Plus: Germany announces a second €1bn bailout for culture | Dutch government agrees to return all stolen objects to former colonies | and French museums press for reopening

5 February 2021

The US Supreme Court has voted unanimously against the bid of the heirs of Jewish art dealers to sue the German government over the Guelph Treasure in the United States. In the opinion written by Chief Justice Roberts, the court found that the Foreign Sovereign Immunities Act (FSAI), which prevents other countries from being sued in the United States, still applied to this case. The plaintiffs had claimed that this is an exception in the case of genocide, but the court ruled that there is no exception for property claims made by a country’s own citizens. The case now returns to a lower court, where the question of whether the dealers were indeed citizens or not in 1935, when the items were sold to the state of Prussia, can be considered more fully. A German commission found in 2014 that the sale of the collection of medieval religious art was voluntary; the heirs of the dealers claim that the sale was made under duress.

The German culture minister, Monika Grütters, has announced €1bn more in funding to help cultural organisations in all sectors, including museums, and artists through the pandemic. This follows the bailout of €1bn that was announced last July. Grütters also issued a statement saying: ‘Above all, the second culture billion sends a sign of hope and encouragement to the cultural scene that has been struck in its vital nerve.’
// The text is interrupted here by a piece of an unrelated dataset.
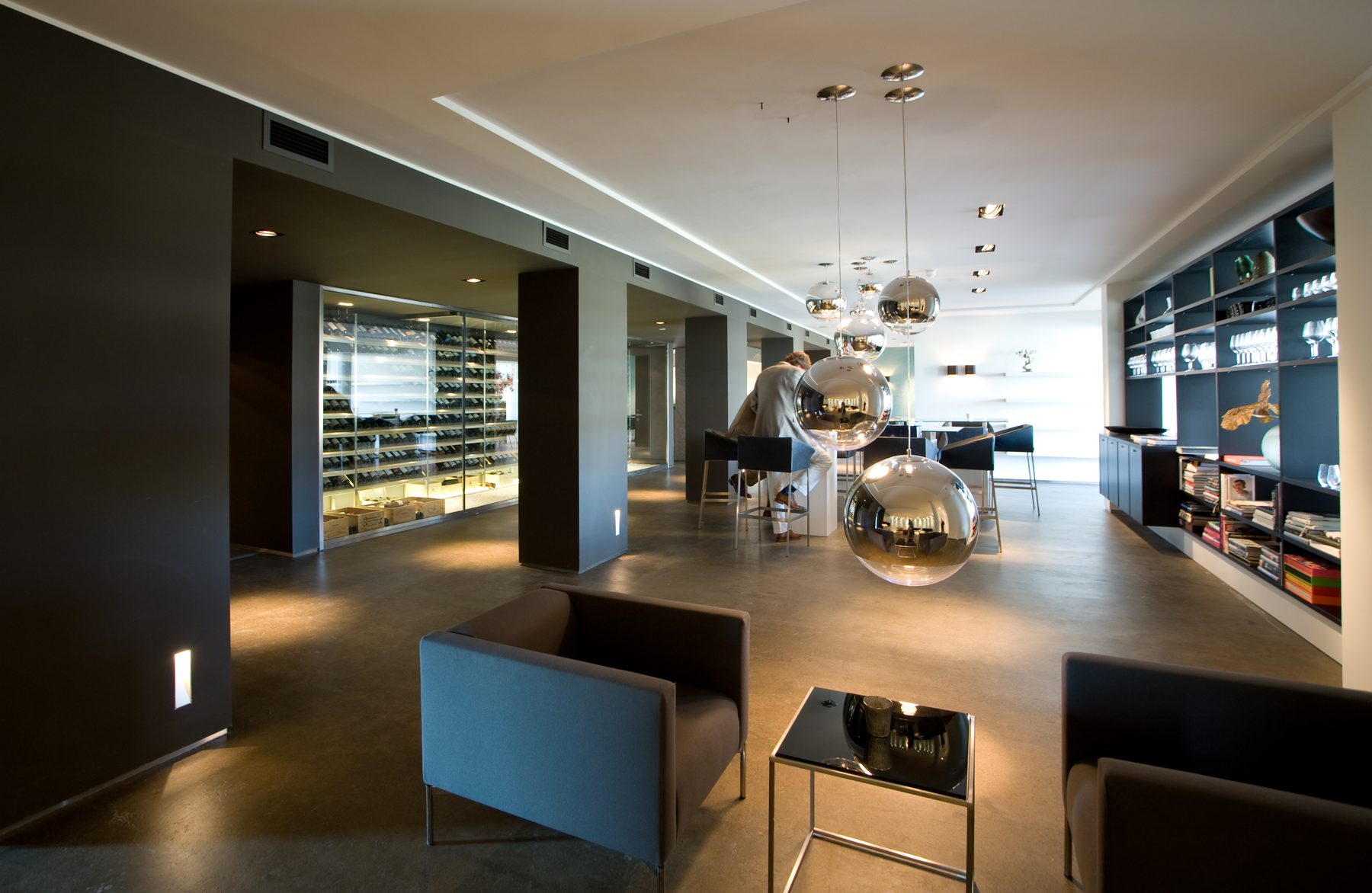 Bar en lounge van hotel Elzenduin met verlichte glazen wijnkast en spiegelende bolarmaturen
The Dutch government has agreed to return any object taken from a former colony without consent, if the country wants it back and it can be proven that it was taken involuntarily. The policy, adopted this week, follows the recommendation of a report published last October. Ingrid van Engelshoven, minister for culture, education and science in the caretaker government, said, ‘There is no place in the Dutch State Collection for cultural heritage objects that were acquired through theft. If a country wants them back, we will give them back.’ The government will now establish an independent restitution committee to assess requests and advise museums on whether or not an object was acquired without consent.
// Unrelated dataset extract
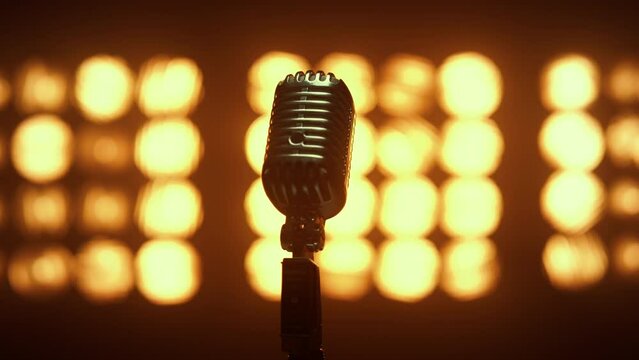Retro mic placed empty scene illuminated lamps close up. Microphone in nightclub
Some 100 French museum directors and other figures in the art world have signed a petition asking the culture minister to lift Covid-19 restrictions on museums being open. Signatories include Emma Lavigne, president of the Palais de Tokyo (the venue that started the petition), and Chiara Parisi, director of the Centre Pompidou-Metz. French museums and galleries have been closed since the national lockdown imposed in late October and a reopening has been pushed back more than once. The petition recognises the seriousness of the health crisis, but claims that ‘rigorous health protocols’ are now in place: ‘We wish to be able to take care of visitors now. Art, like health, helps to heal the human soul.’ The petition follows a similar appeal from Swiss museums last week.